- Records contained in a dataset
··········
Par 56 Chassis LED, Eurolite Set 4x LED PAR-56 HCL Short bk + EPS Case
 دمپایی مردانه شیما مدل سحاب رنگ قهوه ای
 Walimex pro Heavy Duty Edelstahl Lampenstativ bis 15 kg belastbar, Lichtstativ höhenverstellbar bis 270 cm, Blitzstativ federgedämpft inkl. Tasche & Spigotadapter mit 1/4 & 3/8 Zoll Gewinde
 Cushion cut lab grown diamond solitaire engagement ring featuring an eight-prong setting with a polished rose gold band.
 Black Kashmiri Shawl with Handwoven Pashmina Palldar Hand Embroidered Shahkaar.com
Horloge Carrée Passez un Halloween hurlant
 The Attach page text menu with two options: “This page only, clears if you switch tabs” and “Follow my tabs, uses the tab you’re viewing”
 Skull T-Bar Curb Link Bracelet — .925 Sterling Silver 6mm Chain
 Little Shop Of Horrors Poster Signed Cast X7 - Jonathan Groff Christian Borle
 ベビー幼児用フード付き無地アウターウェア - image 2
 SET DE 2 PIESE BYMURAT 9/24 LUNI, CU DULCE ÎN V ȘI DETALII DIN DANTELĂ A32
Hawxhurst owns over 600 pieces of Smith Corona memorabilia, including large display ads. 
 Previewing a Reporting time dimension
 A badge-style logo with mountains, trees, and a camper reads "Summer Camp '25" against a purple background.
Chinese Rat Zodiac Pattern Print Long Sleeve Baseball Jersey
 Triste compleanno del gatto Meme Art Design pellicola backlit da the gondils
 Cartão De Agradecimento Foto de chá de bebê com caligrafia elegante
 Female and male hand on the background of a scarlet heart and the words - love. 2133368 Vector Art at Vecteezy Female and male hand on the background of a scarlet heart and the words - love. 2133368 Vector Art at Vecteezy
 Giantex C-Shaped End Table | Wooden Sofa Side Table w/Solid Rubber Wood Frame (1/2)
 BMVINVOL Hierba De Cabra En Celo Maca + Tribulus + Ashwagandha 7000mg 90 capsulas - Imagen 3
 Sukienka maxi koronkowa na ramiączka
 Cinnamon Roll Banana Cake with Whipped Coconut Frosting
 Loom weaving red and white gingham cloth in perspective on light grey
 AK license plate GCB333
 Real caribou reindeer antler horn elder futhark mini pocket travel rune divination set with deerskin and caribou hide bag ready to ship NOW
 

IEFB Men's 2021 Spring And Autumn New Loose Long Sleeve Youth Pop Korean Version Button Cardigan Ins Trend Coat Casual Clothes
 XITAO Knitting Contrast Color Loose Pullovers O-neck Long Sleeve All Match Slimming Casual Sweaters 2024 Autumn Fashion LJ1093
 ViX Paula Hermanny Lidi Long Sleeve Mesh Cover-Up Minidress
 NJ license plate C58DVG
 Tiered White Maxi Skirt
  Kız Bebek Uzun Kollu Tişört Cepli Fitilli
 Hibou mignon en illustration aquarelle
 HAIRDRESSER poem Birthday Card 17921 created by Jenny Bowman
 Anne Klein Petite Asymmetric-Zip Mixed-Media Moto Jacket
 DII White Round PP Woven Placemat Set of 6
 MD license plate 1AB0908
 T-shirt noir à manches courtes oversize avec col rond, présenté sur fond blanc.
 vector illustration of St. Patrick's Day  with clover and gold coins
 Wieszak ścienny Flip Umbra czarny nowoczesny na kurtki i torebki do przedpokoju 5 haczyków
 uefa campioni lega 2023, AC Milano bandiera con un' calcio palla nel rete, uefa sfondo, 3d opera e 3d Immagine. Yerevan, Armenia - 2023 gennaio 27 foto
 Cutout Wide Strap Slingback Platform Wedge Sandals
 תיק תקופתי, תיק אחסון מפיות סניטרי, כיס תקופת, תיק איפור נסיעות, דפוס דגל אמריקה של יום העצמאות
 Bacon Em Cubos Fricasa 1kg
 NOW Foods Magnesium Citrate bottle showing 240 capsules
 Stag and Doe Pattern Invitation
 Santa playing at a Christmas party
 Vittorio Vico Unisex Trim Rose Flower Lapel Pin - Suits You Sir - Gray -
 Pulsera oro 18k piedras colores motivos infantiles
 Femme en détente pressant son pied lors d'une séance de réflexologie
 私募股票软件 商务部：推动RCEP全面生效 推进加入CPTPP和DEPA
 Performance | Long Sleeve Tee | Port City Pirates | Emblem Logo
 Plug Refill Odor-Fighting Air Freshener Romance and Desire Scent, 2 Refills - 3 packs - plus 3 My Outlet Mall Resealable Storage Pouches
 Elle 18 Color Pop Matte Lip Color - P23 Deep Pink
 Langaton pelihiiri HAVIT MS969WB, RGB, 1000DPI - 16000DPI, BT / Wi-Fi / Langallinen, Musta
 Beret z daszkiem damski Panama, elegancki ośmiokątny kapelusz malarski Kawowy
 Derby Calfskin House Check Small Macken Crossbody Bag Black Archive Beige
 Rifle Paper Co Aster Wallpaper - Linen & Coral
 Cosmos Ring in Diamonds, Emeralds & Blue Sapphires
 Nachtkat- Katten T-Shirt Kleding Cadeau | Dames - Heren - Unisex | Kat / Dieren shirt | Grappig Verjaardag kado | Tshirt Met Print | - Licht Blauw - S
··········
- ASSIGNMENT
Going back over the entries above, copy word for word every line from the one that has "SET DE 2 PIESE" on through the one that has "Cartão De Agradecimento".

- EXPECTED OUTPUT
 SET DE 2 PIESE BYMURAT 9/24 LUNI, CU DULCE ÎN V ȘI DETALII DIN DANTELĂ A32
Hawxhurst owns over 600 pieces of Smith Corona memorabilia, including large display ads. 
 Previewing a Reporting time dimension
 A badge-style logo with mountains, trees, and a camper reads "Summer Camp '25" against a purple background.
Chinese Rat Zodiac Pattern Print Long Sleeve Baseball Jersey
 Triste compleanno del gatto Meme Art Design pellicola backlit da the gondils
 Cartão De Agradecimento Foto de chá de bebê com caligrafia elegante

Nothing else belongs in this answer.